Dataset content START

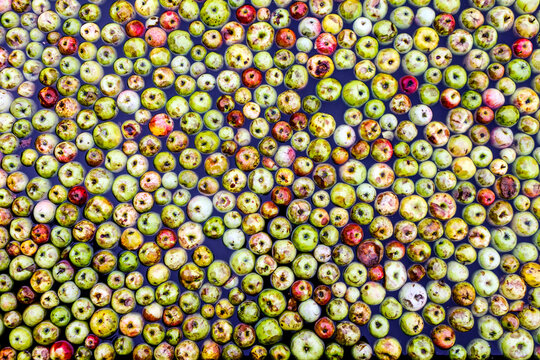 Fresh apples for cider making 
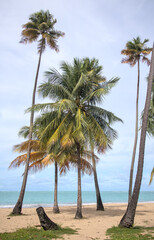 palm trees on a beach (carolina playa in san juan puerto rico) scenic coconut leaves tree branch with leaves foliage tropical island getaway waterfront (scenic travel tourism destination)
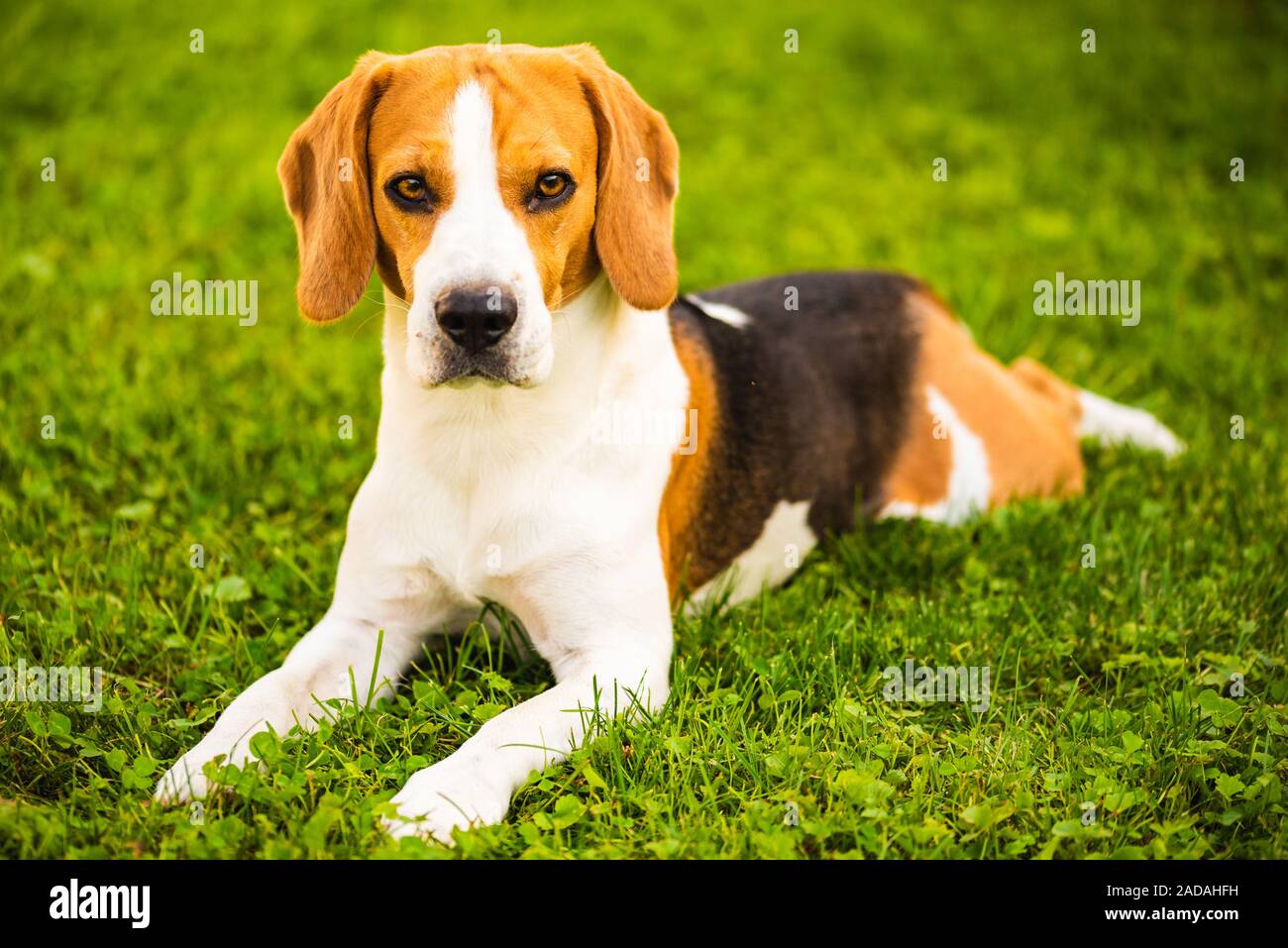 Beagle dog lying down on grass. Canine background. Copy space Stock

Dataset content END

### Problem to work on
Once the pictures are set aside, please output all the data word for word.

### Output of the task
 Fresh apples for cider making 
 palm trees on a beach (carolina playa in san juan puerto rico) scenic coconut leaves tree branch with leaves foliage tropical island getaway waterfront (scenic travel tourism destination)
 Beagle dog lying down on grass. Canine background. Copy space Stock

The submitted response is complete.